[Items from a dataset]
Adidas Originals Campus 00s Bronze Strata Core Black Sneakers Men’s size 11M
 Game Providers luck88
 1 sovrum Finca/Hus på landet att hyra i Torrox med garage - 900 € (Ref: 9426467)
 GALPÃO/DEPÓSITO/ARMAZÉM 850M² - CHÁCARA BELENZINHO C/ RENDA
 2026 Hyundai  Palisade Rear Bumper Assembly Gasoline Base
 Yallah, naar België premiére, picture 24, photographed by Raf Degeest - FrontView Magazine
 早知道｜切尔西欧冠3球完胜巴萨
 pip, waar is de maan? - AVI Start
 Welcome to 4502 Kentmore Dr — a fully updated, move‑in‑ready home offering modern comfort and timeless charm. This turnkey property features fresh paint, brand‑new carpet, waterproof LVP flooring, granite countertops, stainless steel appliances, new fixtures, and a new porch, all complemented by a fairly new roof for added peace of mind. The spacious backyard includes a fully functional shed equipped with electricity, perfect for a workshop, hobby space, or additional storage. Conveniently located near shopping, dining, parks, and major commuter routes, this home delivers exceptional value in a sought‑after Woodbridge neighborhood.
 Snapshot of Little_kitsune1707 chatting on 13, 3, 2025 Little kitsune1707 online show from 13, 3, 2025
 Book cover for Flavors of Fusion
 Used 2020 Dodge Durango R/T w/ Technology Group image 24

**ACTIVITY:** Reproduce the data in full, exactly.

**ANSWER TO THIS TASK:**
Adidas Originals Campus 00s Bronze Strata Core Black Sneakers Men’s size 11M
 Game Providers luck88
 1 sovrum Finca/Hus på landet att hyra i Torrox med garage - 900 € (Ref: 9426467)
 GALPÃO/DEPÓSITO/ARMAZÉM 850M² - CHÁCARA BELENZINHO C/ RENDA
 2026 Hyundai  Palisade Rear Bumper Assembly Gasoline Base
 Yallah, naar België premiére, picture 24, photographed by Raf Degeest - FrontView Magazine
 早知道｜切尔西欧冠3球完胜巴萨
 pip, waar is de maan? - AVI Start
 Welcome to 4502 Kentmore Dr — a fully updated, move‑in‑ready home offering modern comfort and timeless charm. This turnkey property features fresh paint, brand‑new carpet, waterproof LVP flooring, granite countertops, stainless steel appliances, new fixtures, and a new porch, all complemented by a fairly new roof for added peace of mind. The spacious backyard includes a fully functional shed equipped with electricity, perfect for a workshop, hobby space, or additional storage. Conveniently located near shopping, dining, parks, and major commuter routes, this home delivers exceptional value in a sought‑after Woodbridge neighborhood.
 Snapshot of Little_kitsune1707 chatting on 13, 3, 2025 Little kitsune1707 online show from 13, 3, 2025
 Book cover for Flavors of Fusion
 Used 2020 Dodge Durango R/T w/ Technology Group image 24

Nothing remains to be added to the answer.